Only one stretch of the records below is wanted: the lines from the one holding "6483 SE Wild Olive Lane Stuart FL 34997" through the one holding "#�����޽� RMS �������� RMS-59-12". Return it exactly, both ends included.

# Dataset entries:
^^^^^^^^

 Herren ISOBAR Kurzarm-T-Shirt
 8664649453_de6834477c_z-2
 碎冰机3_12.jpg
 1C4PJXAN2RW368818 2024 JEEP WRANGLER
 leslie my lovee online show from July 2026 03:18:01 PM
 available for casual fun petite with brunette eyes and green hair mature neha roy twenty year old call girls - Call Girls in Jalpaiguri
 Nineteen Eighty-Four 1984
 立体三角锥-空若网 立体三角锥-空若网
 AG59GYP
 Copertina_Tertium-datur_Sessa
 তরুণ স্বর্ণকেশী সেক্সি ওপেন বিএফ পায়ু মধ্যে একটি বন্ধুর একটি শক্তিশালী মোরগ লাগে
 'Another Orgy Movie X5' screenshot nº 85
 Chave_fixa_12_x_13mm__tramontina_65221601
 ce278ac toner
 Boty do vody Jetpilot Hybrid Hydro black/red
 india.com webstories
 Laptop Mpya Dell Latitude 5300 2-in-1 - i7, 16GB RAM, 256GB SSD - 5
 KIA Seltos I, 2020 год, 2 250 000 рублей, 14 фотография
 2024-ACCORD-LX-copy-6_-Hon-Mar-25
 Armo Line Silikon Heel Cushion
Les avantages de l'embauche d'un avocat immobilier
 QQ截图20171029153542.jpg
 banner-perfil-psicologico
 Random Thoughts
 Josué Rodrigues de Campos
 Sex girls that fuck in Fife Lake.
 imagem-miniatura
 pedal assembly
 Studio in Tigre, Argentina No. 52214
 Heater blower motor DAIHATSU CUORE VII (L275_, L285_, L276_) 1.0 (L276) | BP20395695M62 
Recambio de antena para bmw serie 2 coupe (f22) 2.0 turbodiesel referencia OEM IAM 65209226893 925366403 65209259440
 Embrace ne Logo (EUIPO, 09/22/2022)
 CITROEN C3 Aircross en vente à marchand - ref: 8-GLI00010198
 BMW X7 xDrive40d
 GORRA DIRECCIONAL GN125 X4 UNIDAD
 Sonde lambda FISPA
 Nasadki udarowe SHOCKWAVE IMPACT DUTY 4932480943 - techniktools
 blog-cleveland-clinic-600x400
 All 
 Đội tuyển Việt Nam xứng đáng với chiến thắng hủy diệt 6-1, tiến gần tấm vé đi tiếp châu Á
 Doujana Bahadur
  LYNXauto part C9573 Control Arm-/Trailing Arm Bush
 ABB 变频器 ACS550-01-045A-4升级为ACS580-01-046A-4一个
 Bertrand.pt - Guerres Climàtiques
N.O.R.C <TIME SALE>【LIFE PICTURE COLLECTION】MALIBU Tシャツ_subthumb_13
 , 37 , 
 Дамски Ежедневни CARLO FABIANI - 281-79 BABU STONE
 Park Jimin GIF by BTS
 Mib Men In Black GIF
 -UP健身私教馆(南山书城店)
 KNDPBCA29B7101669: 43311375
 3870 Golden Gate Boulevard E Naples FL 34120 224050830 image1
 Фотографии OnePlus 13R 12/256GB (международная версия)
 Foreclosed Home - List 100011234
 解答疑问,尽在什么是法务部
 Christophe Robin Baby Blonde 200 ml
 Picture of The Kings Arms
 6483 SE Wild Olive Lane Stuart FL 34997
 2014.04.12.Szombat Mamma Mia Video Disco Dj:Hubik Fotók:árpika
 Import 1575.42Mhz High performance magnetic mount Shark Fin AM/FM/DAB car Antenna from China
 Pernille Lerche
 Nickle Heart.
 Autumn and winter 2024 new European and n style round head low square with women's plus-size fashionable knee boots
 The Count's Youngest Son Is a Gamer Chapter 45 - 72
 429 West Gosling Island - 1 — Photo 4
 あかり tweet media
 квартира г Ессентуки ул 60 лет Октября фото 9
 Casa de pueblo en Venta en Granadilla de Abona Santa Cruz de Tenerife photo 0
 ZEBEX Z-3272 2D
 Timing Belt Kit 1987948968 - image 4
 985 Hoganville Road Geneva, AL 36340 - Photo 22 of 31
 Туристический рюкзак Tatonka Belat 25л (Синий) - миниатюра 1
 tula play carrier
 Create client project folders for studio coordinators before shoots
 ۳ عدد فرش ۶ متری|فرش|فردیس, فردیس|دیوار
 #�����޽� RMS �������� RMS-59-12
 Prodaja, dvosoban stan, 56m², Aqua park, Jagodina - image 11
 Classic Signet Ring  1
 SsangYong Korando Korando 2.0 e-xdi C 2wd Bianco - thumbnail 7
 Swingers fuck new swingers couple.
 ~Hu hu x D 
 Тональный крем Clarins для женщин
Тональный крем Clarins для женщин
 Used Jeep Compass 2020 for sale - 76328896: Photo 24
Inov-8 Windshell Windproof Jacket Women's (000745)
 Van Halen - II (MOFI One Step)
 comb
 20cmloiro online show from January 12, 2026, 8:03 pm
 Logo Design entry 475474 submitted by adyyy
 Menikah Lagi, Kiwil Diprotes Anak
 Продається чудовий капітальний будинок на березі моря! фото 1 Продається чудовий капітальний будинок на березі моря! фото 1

^^^^^^^^

# Solution to the exercise:
 6483 SE Wild Olive Lane Stuart FL 34997
 2014.04.12.Szombat Mamma Mia Video Disco Dj:Hubik Fotók:árpika
 Import 1575.42Mhz High performance magnetic mount Shark Fin AM/FM/DAB car Antenna from China
 Pernille Lerche
 Nickle Heart.
 Autumn and winter 2024 new European and n style round head low square with women's plus-size fashionable knee boots
 The Count's Youngest Son Is a Gamer Chapter 45 - 72
 429 West Gosling Island - 1 — Photo 4
 あかり tweet media
 квартира г Ессентуки ул 60 лет Октября фото 9
 Casa de pueblo en Venta en Granadilla de Abona Santa Cruz de Tenerife photo 0
 ZEBEX Z-3272 2D
 Timing Belt Kit 1987948968 - image 4
 985 Hoganville Road Geneva, AL 36340 - Photo 22 of 31
 Туристический рюкзак Tatonka Belat 25л (Синий) - миниатюра 1
 tula play carrier
 Create client project folders for studio coordinators before shoots
 ۳ عدد فرش ۶ متری|فرش|فردیس, فردیس|دیوار
 #�����޽� RMS �������� RMS-59-12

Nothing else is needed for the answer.